▽

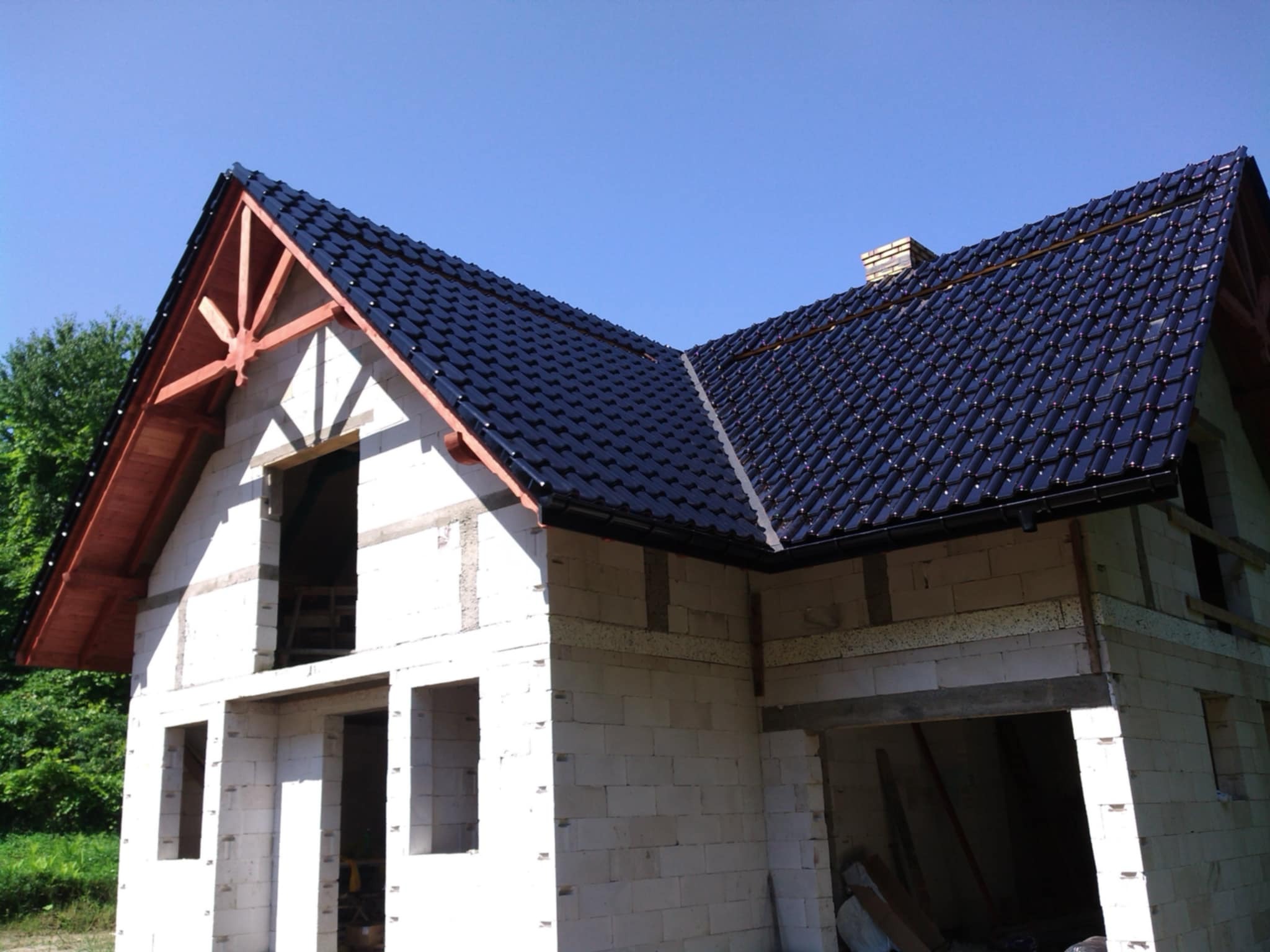 Niedokończony dom z czarnym dachem z dachówki ceramicznej w słoneczny dzień. Widoczne drewniane elementy konstrukcji dachu.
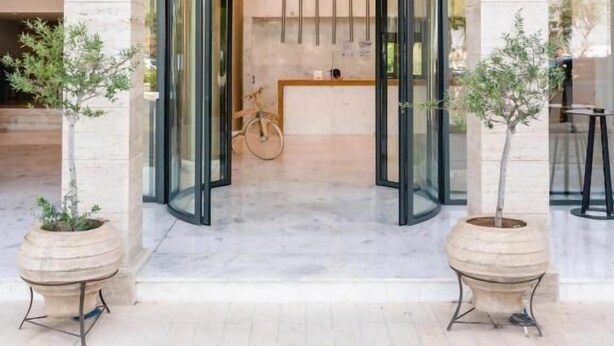 L’entrée d’un hôtel, avec une porte tournante, un comptoir de réception et deux plantes en pot.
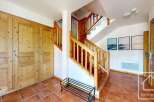 Step into this inviting entryway, featuring a stunning wooden staircase and warm, terracotta tile flooring.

△

A word-for-word copy of all the data is required, minus the pictures.

 Niedokończony dom z czarnym dachem z dachówki ceramicznej w słoneczny dzień. Widoczne drewniane elementy konstrukcji dachu.
 L’entrée d’un hôtel, avec une porte tournante, un comptoir de réception et deux plantes en pot.
 Step into this inviting entryway, featuring a stunning wooden staircase and warm, terracotta tile flooring.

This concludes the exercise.